Kubernetes glue for the full CV pipeline
Onepanel wires together labeling, training, and deployment tools so teams don't have to build their own MLOps platform from scratch.

What it does Onepanel is an open-source platform that bundles computer vision workflows—image annotation, model training, hyperparameter tuning, and deployment—into something deployable on Kubernetes. It runs on any cloud or on-premises cluster and wraps existing tools like CVAT, JupyterLab, Argo Workflows, and Microsoft’s NNI under one roof.

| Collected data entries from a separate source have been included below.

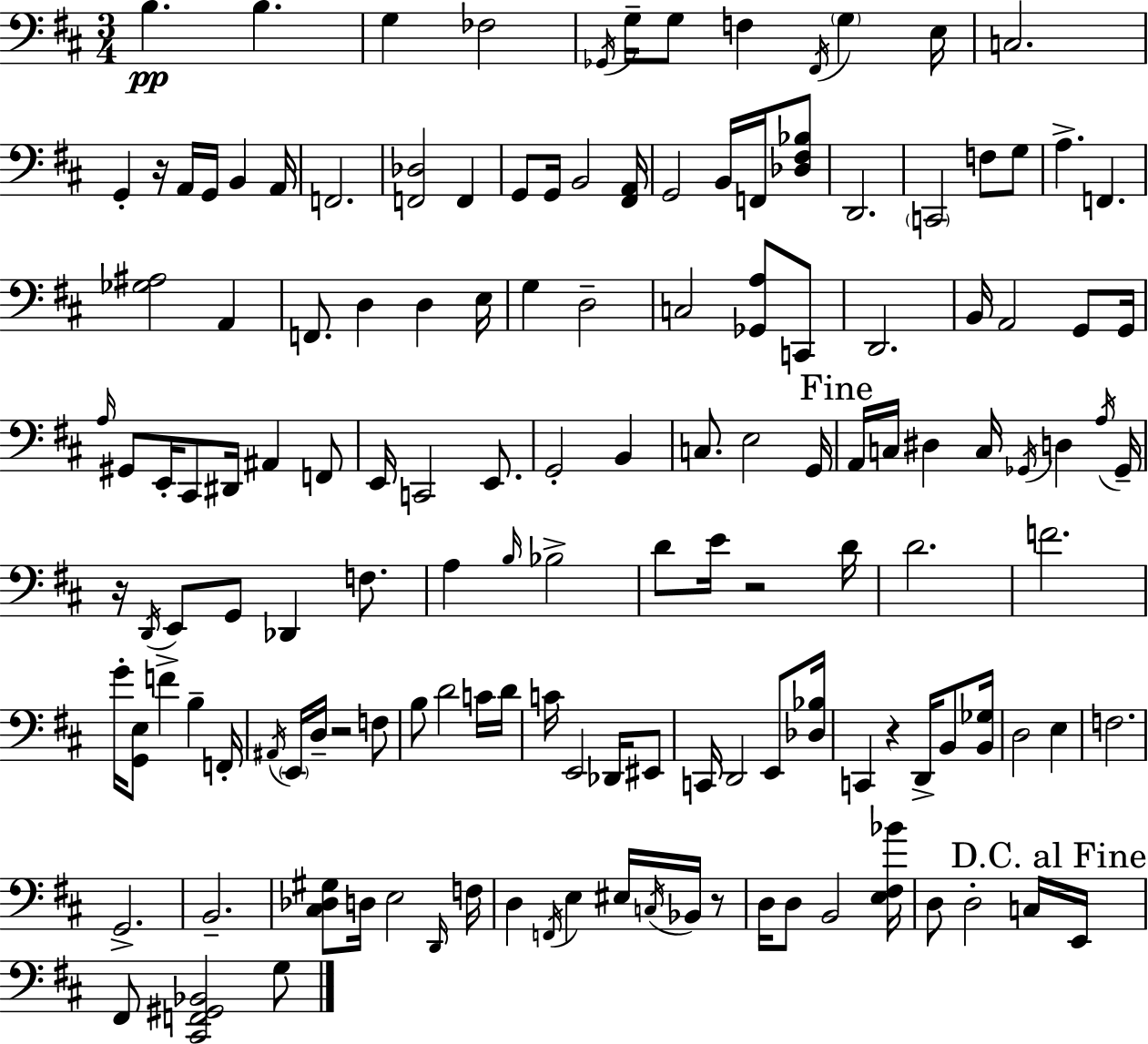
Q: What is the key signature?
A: D major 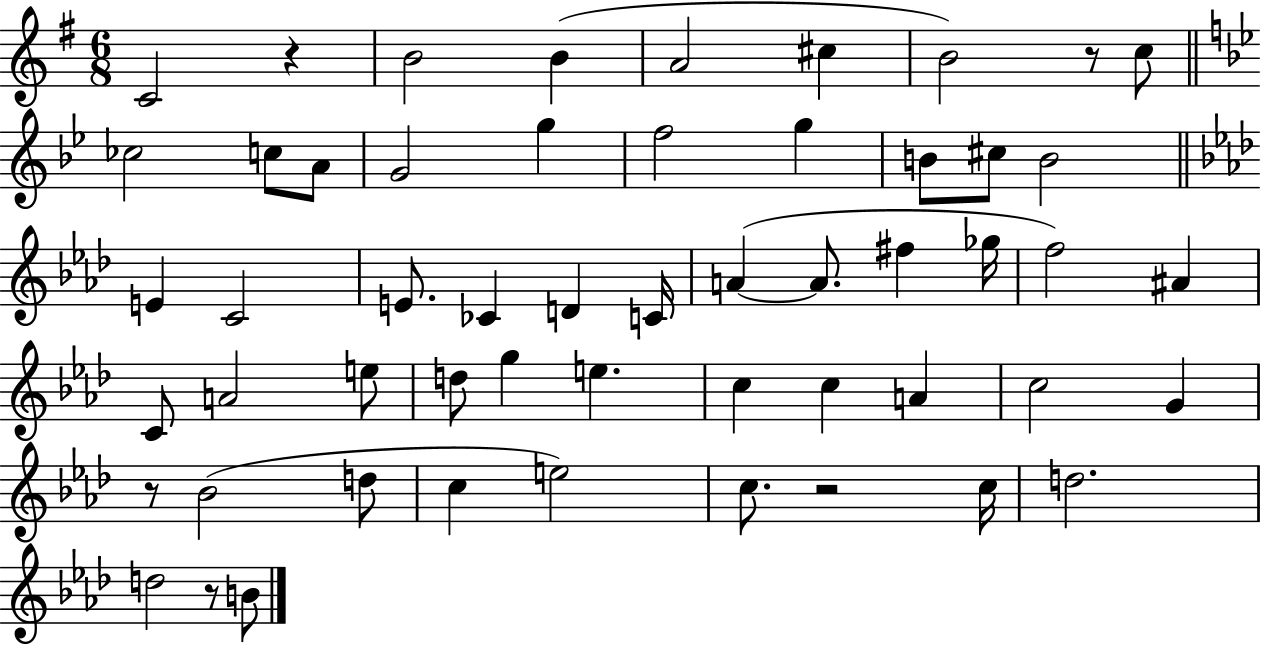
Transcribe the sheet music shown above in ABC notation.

X:1
T:Untitled
M:6/8
L:1/4
K:G
C2 z B2 B A2 ^c B2 z/2 c/2 _c2 c/2 A/2 G2 g f2 g B/2 ^c/2 B2 E C2 E/2 _C D C/4 A A/2 ^f _g/4 f2 ^A C/2 A2 e/2 d/2 g e c c A c2 G z/2 _B2 d/2 c e2 c/2 z2 c/4 d2 d2 z/2 B/2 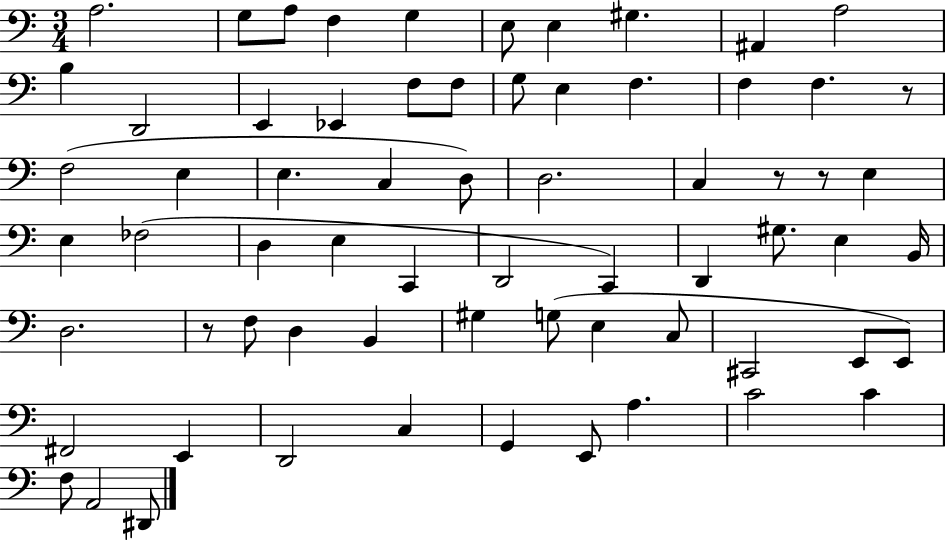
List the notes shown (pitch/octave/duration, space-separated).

The interesting bit Rather than building new ML frameworks, Onepanel acts as integration glue: it connects proven open-source projects into a single pipeline with shared storage and authentication. The LF AI Foundation badge suggests it’s aiming for ecosystem legitimacy, not just another startup repo.
Key highlights
- Pre-integrated stack: CVAT for annotation, JupyterLab for experimentation, Argo for pipelines, NNI for hyperparameter search
- Deploys via Kubernetes; claims cloud-agnostic and on-premises support
- Apache 2.0 licensed, with a PyPI SDK available
- Modular architecture split across multiple repositories
- 731 stars; modest but not negligible traction
Caveats
- The README is thin on technical specifics—no architecture diagrams, no performance claims, no comparison to alternatives like Kubeflow or MLflow
- “Seamlessly integrates” is their phrasing, not independently verified; your mileage with Kubernetes complexity may vary
- Video demo linked but not embeddable in text; features screenshot is high-level marketing-style, not a technical deep-dive
Verdict Worth a look if you’re running computer vision in production Kubernetes and tired of duct-taping CVAT to Argo yourself. Skip it if you want a managed service or need detailed documentation before committing; the quick-start guide is your only real on-ramp.